§ TASK TO COMPLETE
Nothing should appear in the answer except the lines below from the line containing "Ivory Wrap Blazer Dress with Pearl Embroidery" through the line containing "Çokgen alanı düşük", copied exactly, with pictures left out.

───── THE INPUT ─────

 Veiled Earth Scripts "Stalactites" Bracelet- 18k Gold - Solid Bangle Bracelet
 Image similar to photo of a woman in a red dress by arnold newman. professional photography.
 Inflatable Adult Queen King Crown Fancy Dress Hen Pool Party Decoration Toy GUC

─────
───── THE INPUT ─────

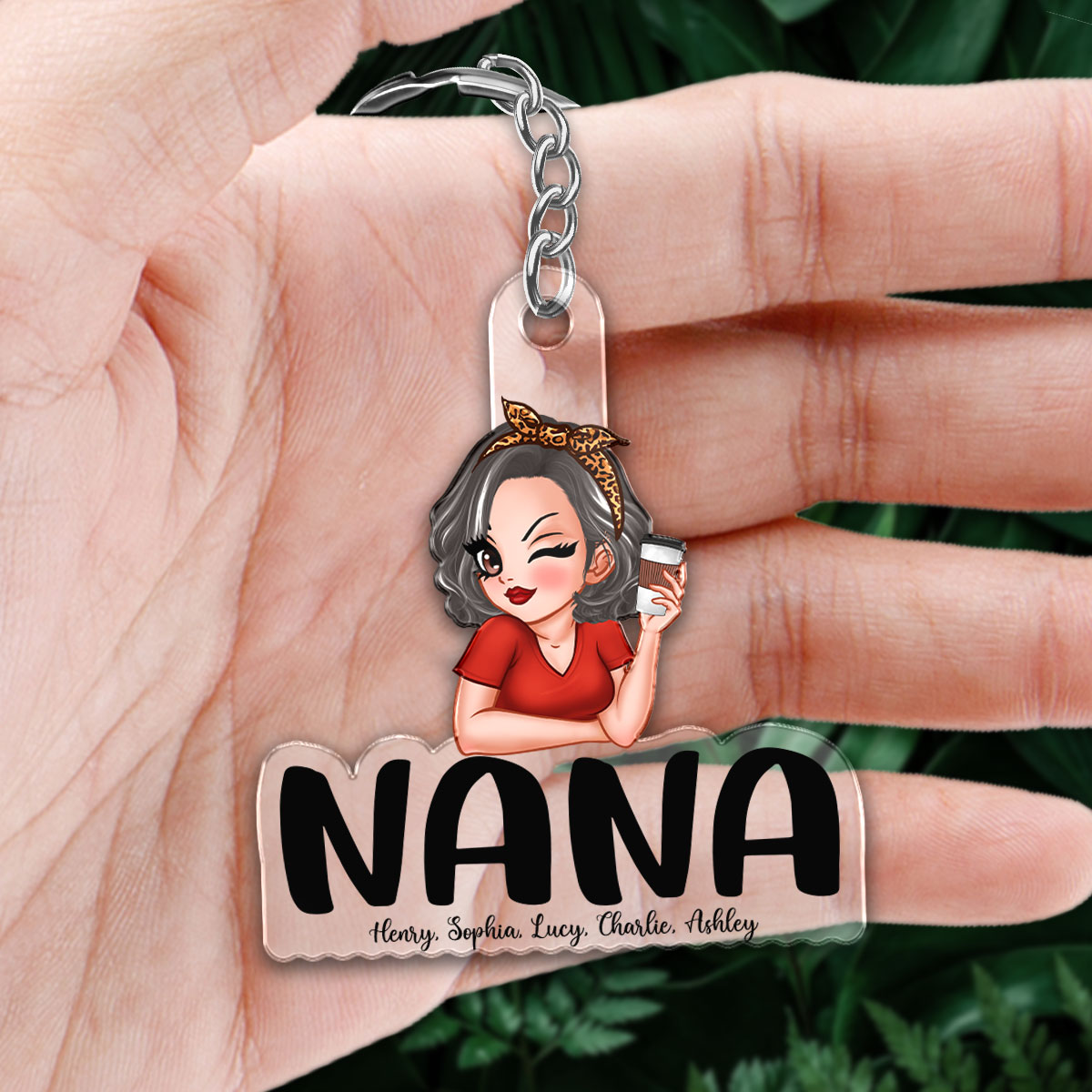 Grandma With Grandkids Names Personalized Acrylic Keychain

─────
───── THE INPUT ─────

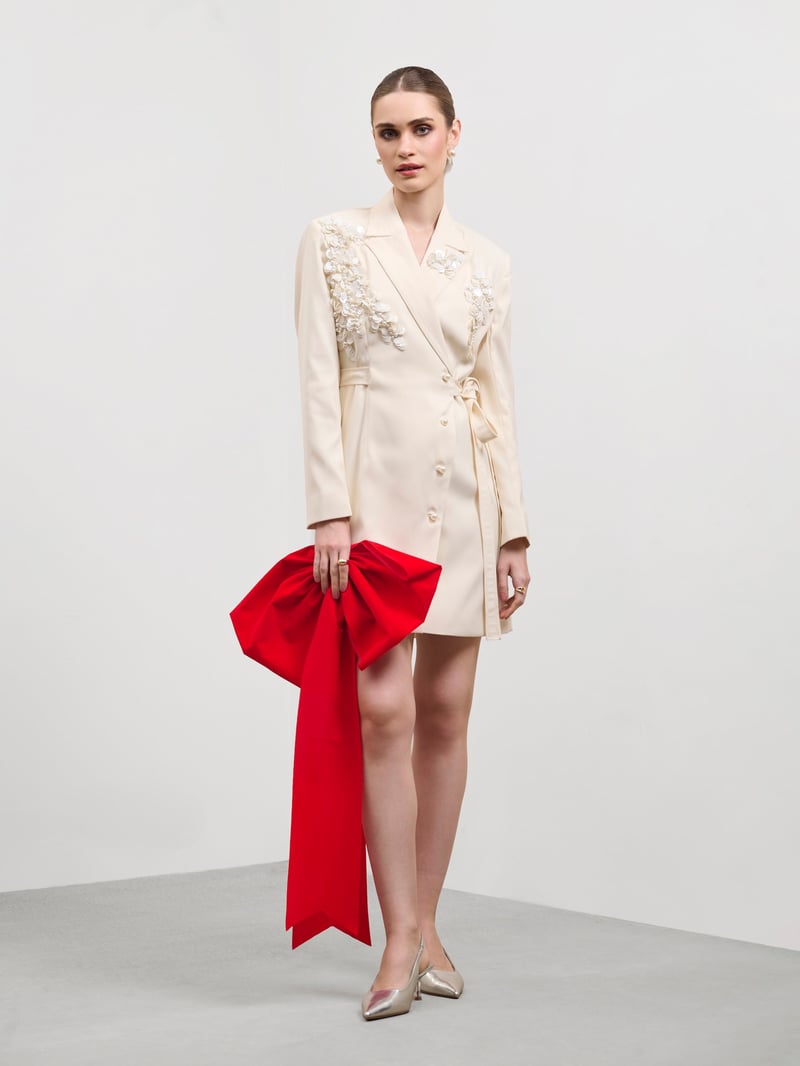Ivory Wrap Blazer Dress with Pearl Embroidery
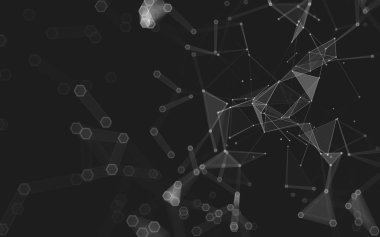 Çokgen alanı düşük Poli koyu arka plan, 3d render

─────

§ RESPONSE AREA
Ivory Wrap Blazer Dress with Pearl Embroidery
 Çokgen alanı düşük Poli koyu arka plan, 3d render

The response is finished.